Em mandado de segurança preventivo, impetrado em 6/10/2002, a Tam protestou contra suposto ato ilegal e abusivo praticado pelo chefe de posto fiscal da Secretaria da Fazenda de São Paulo, do Aeroporto Internacional de Guarulhos. O ato teria consistido na exigência de ICMS sobre a importação de aeronave pelo regime de arrendamento simples (leasing operacional), sem opção de compra e sem cobertura cambial.
Uma liminar foi deferida. Posteriormente, ela foi revogada e a sentença julgou improcedente o pedido da Tam.
A empresa apelou e o TJ de São Paulo deu parcial provimento ao recurso. “A base de cálculo do tributo deve ser a expressão econômica desse negócio jurídico, ou seja, aquela retratada nas demais parcelas de pagamento do arrendamento”, afirmou o desembargador. A Fazenda opôs embargos de declaração, mas foram rejeitados.
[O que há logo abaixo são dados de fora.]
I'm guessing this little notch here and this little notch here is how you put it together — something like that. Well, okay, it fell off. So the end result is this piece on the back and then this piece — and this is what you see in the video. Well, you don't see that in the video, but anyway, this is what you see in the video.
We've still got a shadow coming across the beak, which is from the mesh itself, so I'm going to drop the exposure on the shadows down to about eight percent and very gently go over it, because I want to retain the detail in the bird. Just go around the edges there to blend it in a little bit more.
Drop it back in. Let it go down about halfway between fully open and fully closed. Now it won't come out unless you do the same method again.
No recurso especial, a Fazenda sustentou, preliminarmente, que a decisão do TJ-SP era ultra petita, ao determinar que a base de cálculo fosse a expressão econômica retratada nas parcelas de pagamento do arrendamento mercantil. Segundo o órgão, a Tam pediu, na inicial, apenas provimento jurisdicional que a autorizasse importar a aeronave, adquirida no exterior sob o regime de arrendamento mercantil, sem que lhe fosse exigido o recolhimento do ICMS. No mérito, apontou violação aos artigos 13 (inciso V e parágrafo 1º) e 14, ambos da Lei Complementar 87/96.
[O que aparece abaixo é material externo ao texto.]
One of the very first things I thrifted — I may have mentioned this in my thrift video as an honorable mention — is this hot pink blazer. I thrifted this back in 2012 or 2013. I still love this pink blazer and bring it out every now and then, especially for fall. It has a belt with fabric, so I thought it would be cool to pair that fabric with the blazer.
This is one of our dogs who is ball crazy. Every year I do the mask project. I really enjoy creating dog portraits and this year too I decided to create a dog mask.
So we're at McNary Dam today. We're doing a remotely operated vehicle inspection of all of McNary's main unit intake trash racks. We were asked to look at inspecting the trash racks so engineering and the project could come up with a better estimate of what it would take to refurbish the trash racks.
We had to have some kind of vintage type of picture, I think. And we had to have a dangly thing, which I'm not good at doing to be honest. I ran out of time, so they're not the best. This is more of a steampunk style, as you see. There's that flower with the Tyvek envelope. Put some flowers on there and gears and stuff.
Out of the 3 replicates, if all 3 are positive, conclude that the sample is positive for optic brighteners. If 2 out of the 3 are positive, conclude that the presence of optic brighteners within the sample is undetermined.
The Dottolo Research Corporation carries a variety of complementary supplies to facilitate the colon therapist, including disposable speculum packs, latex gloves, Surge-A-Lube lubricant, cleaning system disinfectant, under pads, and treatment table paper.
Em recurso adesivo, a Tam alegou que a decisão ofendeu o artigo 3º, VIII, da Lei Complementar nº 87/96.
A 1ª Seção do STJ deu provimento ao recurso especial adesivo da companhia aérea. “A incidência do ICMS, mesmo no caso de importação, pressupõe operação de circulação de mercadoria (transferência da titularidade do bem), o que não ocorre nas hipóteses de arrendamento em que há mera promessa de transferência pura do domínio desse bem do arrendante para o arrendatário”, afirmou o ministro Luz Fux, relator do caso.
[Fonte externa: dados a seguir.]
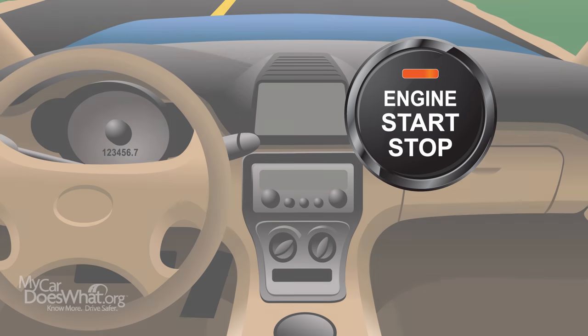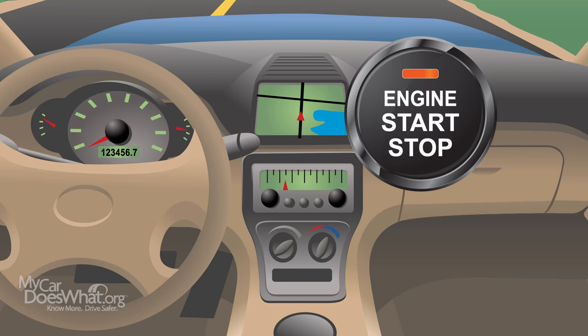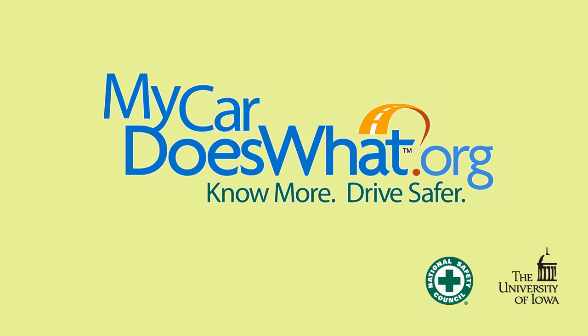To turn on accessory functions only, like the radio, push the start-stop button once without applying the brake. No more. Drive safer. Visit MyCarDoesWhat.org.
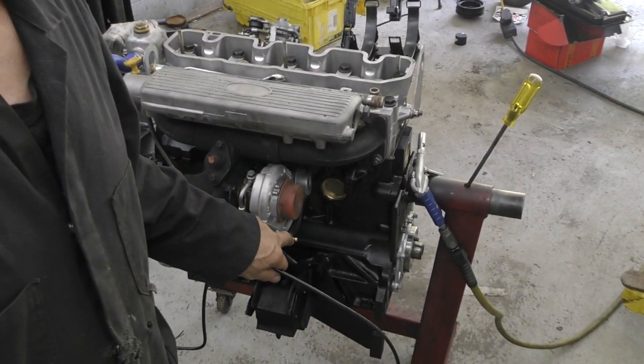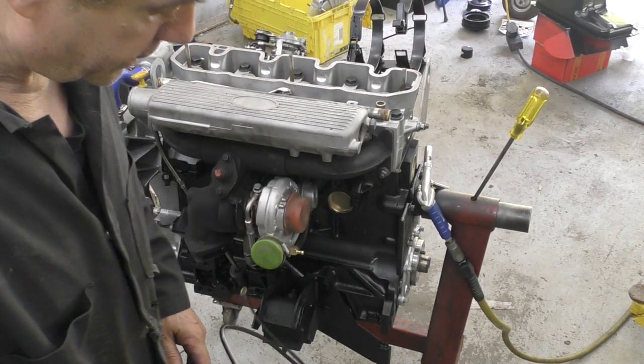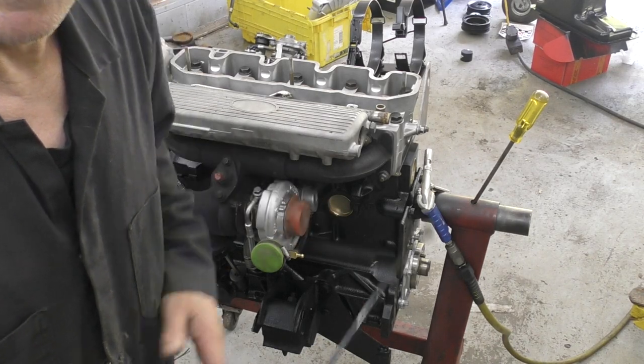So this needs replacing. And also, down here, this little rubber hose that goes from the T-piece, where this goes on here, to the diaphragm — I can see that this is starting to perish too, so I'll replace it.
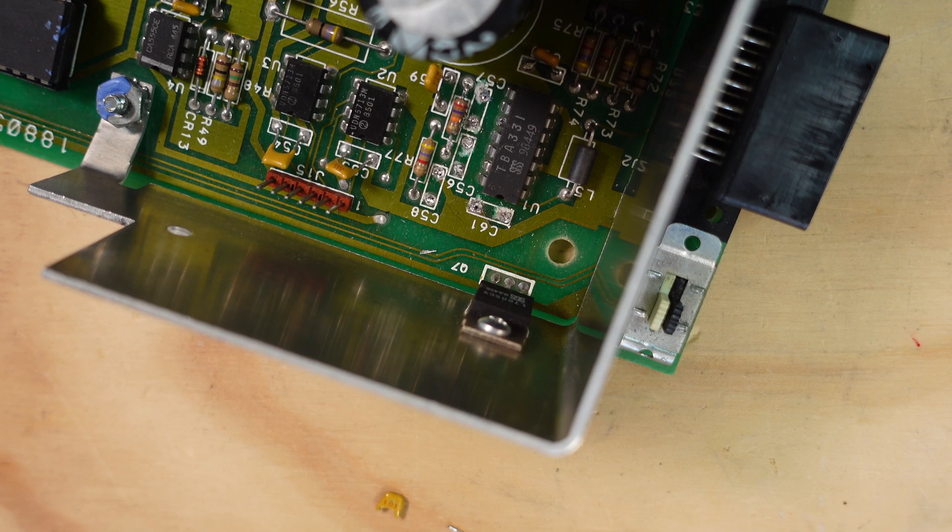So there we have it - we have the four capacitors removed from the board. Now we're ready to reassemble this drive, put it back together, and do some testing to see if we get the outcome we expect.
O recurso especial da Fazenda foi julgado prejudicado.
Por se tratar de recurso representativo da controvérsia, sujeito ao procedimento do artigo 543-C do CPC, o ministro determinou, após a publicação do acórdão, a comunicação à presidência do STJ, aos ministros da 1ª Seção e aos tribunais de Justiça dos estados. (Proc. nº 1131718 - com informações do STJ).